Want to buy the same putter model used by Retief Goosen to win the 2004 U.S. Open?
Get in line, and be prepared to wait.
The Tracy model of the C-Groove putter, manufactured and sold by Yes! Golf of Denver, is in short supply. Company CEO and president Francis Ricci says it could be months before more are available.
“If we can’t strike while the iron is hot, or I guess I should say while the putter is hot, then the impact will cool – unless we launch a huge marketing campaign, which we’re not in a position to do,” Ricci said.

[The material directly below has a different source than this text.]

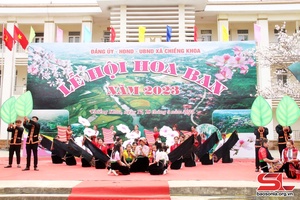 Tưng bừng Lễ hội hoa ban xã Chiềng Khoa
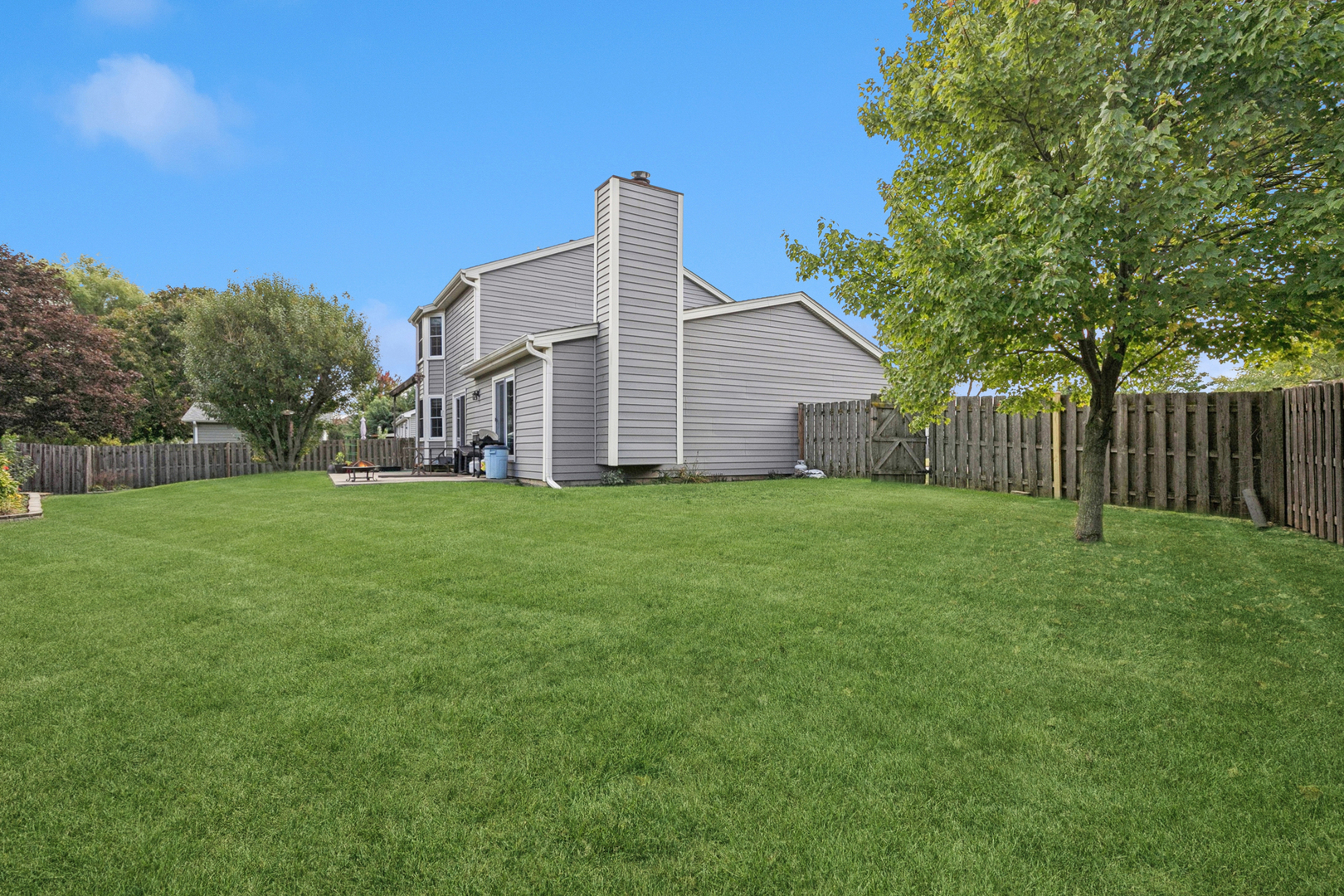 1304 Pelican Court, Zion, IL 60099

Such is the fate of small club companies. Ricci has been there before because Goosen used the exact same putter to win the 2001 U.S. Open. Then, as now, Ricci saw his star rise and recede as the supply of C-Groove putters could not match demand.
Allan Strand also knows exactly what it’s like to have the golf world at his doorstep, albeit temporarily. Strand’s Dandy putter was used by Vijay Singh when he won the 2000 Masters.
“When Vijay won, it was great for us, but at the same time we got killed,” he said. “Your phone rings off the hook . . . everybody comes out of the woodwork, and they want the putter right now. And we simply couldn’t supply them.
“The only time you can get investors is when you’ve got the commodity and got a big billboard. And all that’s not possible.”
Strand’s Dandy putter ($189 from the company) has an onset configuration, with the face sticking out in front of the shaft. He actively promotes a precise, straight-back-and-straight-through putting method with the putter, and has recruited Gil Morgan as his spokesman.
Ricci’s C-Groove putter was invented by legendary English putting instructor Harold Swash. The concentric lines in the face are arched in the shape of a half-moon, which Swash says produces a truer roll.
When the putter was introduced in the mid-1990s, it was known as the Swashbuckler from Pro Gear.
Pro Gear initially made a complete line of golf clubs. Ricci assumed control of the company in 1997. He adopted the name Yes! Golf and began to concentrate strictly on putters.
The Swashbuckler II model, used by Goosen, became the Tracy – namedafter Goosen’s wife. Thereafter all C-Groove putters were named after women. Ricci currently has eight different models and is adding two more. The Tracy sells for $149.
“We’re just a dinky little company in Denver, but we do a lot of custom work on our putters,” Ricci said.
Goosen’s putter is face-balanced, has no sight line (he was adamant about this), is 34 inches long and has a 70-degree lie angle that is two degrees flat. Goosen is a TaylorMade staff member, but remains free to use any putter he chooses.
The C-Groove line of putters has claimed more than 20 professional victories worldwide.
Small putter makers have had an impressive run in major championships in recent years, the most visible victory being Payne Stewart’s dramatic 1999 U.S. Open victory with a SeeMore putter.
When Jim Furyk captured the 2003 U.S. Open with a putter made by Bob Bettinardi, the putter was officially called a Bettinardi from Hogan because Bettinardi had signed a deal to make a certain number of putters for the Ben Hogan Co.
“That putter, the Baby Ben, was a prototype,” explained Mike Crockett, vice president of sales and marketing for Bettinardi. “Regardless, our phone didn’t stop ringing.”
The Baby Ben, a face-balanced putter with a double-bend shaft, was formally introduced in January at the 2004 PGA Merchandise Show. With a suggested retail price of $270, it is readily available.
Ricci wishes he could say the same about the C-Groove.